The issue also sees Daniele Di Nicuolo take over from Elsa Charretier on art duties, while Charretier and Colinet assume writing duties on the title. I must confess to being sad at seeing Charretier pass over the art duties. I fell in love with her work reviewing The Unstoppable Wasp for Weird Science, and its been a pleasure to see her since work on IDW's Star Wars anthology series Star Wars Adventures. That said, we still get an awesome Charretier cover and, even better, Di Nicuolo delivers the goods here, and it compliments a fresh story, so its a win-win.
The story commences with Teddy, now working as part of an underground team helping to hide anomalies. Her true love, Ano, is now a member of US Congress. Human anomalies are not suppressed anymore (i.e. killed), thanks to Teddy and Ano’s work in the last title, but are now parked in horrendous refugee camps. Ano is fighting the system in her own way from the inside, Teddy from the outside as an activist. Their relationship is kept secret to facilitate Ano's new democratic role.

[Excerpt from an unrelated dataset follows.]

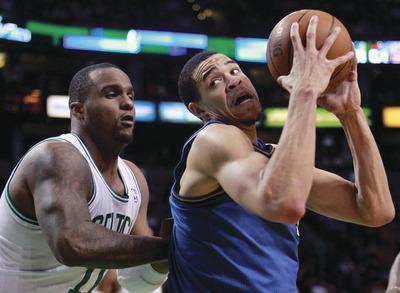 Michael Dwyer/AP
Wizards center JaVale McGee averaged 10.1 points, 8.0 rebounds and 2.4 blocks last season.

One of the frightening plot elements involves a new technological development that has been introduced into society where complete virtual reality experience is conveyed to people via headsets. It allows people to avoid reality by living in treasured memories or fictionalized environments rather than live in their impoverished reality. To use a film analogy, in their minds they are looking at the white picket fences of the suburbs in American Beauty when in reality they are physically located in the overrun decimated suburbs of Detroit shown in the film It Follows.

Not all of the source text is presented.